I keep getting the "oops" message when I try to search if we have a "would you rather" thread but manually looking through this section, I don't see one... so I'll add a new question once in a while.   For today's:
*Would you rather* have your favorite home-cooked meal
                                 -or-
Go out to eat at your favorite restaurant?

Simple one for me...  I would choose the home-cooked meal every time.  Extra nice if someone else cooks it... although I love cooking.


----------



## officerripley (Friday at 7:50 AM)

Hard question for me since, hating to cook and especially clean up afterwards--washing pots and pans: ugh!--I'd rather have the restaurant meal but have it at home, so take-out is my favorite.


----------



## CallMeKate (Friday at 7:57 AM)

officerripley said:


> Hard question for me since, hating to cook and especially clean up afterwards--washing pots and pans: ugh!--I'd rather have the restaurant meal but have it at home, so take-out is my favorite.


Now there's a good solution I hadn't considered!  We *have* been doing takeout at places where it's offered for about 10 years now... kind of "the best of both worlds."


----------



## Pink Biz (Friday at 8:43 AM)

CallMeKate said:


> I keep getting the "oops" message when I try to search if we have a "would you rather" thread but manually looking through this section, I don't see one... so I'll add a new question once in a while.


@CallMeKate There's a similar thread called *This or That* that has been neglected recently. Here it is! 

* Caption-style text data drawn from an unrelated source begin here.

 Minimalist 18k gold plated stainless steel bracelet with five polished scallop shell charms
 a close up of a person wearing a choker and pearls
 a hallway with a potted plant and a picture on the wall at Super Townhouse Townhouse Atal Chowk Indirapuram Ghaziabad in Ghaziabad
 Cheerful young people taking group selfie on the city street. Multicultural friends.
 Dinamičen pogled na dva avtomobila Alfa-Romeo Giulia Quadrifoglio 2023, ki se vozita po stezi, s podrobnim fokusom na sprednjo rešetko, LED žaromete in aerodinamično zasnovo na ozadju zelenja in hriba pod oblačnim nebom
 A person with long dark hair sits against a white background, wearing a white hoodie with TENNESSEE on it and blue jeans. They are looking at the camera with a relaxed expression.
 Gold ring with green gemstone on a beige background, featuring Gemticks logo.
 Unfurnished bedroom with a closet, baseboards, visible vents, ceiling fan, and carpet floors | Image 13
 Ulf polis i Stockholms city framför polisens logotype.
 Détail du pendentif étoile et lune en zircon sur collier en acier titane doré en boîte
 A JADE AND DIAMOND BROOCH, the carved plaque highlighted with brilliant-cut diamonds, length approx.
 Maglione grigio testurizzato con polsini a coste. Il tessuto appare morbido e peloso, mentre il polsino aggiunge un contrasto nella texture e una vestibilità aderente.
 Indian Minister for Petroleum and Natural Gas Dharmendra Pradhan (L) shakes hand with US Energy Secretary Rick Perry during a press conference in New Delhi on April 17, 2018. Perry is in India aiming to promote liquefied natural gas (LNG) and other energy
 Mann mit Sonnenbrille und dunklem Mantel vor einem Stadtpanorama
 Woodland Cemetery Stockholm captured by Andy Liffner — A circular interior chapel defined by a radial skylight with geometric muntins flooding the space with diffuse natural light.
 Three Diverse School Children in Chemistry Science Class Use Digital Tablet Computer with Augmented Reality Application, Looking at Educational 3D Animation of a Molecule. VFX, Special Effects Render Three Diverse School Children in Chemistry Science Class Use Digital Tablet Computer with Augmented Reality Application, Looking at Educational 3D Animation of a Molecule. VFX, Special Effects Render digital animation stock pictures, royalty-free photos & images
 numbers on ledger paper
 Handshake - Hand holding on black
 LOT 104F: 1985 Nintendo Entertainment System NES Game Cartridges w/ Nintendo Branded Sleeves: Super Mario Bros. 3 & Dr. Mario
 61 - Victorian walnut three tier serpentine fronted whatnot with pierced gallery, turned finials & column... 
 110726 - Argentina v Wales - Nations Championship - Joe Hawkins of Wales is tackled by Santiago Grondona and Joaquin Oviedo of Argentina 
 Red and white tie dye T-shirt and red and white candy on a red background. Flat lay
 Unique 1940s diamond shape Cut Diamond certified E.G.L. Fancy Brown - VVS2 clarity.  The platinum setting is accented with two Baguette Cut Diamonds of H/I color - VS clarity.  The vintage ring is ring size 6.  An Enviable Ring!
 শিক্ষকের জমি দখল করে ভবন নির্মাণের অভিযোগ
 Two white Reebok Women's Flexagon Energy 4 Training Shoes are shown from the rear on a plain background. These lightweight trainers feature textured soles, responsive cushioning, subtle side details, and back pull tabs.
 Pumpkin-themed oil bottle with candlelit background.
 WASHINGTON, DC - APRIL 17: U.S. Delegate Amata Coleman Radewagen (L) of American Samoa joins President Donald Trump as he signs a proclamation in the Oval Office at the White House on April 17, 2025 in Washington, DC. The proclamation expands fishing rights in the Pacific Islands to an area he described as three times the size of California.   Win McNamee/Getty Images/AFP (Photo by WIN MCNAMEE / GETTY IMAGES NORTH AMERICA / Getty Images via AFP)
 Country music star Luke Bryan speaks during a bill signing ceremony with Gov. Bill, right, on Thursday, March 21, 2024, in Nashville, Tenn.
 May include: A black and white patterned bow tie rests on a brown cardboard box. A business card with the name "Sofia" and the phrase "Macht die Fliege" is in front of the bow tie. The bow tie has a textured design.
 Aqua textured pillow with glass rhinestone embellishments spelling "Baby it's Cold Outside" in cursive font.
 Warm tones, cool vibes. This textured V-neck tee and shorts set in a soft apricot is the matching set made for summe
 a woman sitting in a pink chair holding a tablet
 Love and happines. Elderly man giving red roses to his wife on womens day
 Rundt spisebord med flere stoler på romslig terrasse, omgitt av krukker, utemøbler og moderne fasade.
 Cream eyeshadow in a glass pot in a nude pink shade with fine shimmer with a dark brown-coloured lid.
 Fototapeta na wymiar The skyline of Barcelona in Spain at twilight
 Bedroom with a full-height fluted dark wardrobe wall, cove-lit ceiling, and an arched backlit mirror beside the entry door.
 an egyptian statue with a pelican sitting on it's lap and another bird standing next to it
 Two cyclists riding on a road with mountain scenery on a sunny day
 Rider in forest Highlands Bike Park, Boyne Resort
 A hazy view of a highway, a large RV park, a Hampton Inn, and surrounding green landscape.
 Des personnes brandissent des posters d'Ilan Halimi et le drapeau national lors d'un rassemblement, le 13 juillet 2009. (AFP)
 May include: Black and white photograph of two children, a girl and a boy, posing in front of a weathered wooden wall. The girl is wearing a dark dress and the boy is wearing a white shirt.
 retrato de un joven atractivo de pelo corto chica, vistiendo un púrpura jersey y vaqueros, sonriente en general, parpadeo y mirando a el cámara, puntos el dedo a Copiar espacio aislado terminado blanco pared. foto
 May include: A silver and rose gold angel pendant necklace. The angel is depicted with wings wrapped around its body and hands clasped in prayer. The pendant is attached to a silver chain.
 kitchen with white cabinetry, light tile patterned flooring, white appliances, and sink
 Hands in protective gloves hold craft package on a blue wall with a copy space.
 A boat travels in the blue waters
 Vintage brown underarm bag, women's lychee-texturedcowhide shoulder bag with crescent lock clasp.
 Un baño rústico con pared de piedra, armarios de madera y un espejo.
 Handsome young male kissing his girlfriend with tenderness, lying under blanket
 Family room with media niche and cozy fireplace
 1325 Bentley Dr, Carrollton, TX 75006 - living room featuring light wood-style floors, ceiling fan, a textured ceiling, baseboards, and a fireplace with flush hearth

https://www.seniorforums.com/threads/this-or-that.42245/


----------



## CallMeKate (Friday at 8:48 AM)

Pink Biz said:


> @CallMeKate There's a similar thread called *This or That* that has been neglected recently. Here it is!
> 
> https://www.seniorforums.com/threads/this-or-that.42245/


Ah, that's why I couldn't find one!   Thank you, @Pink Biz ... I'll go check it out.


----------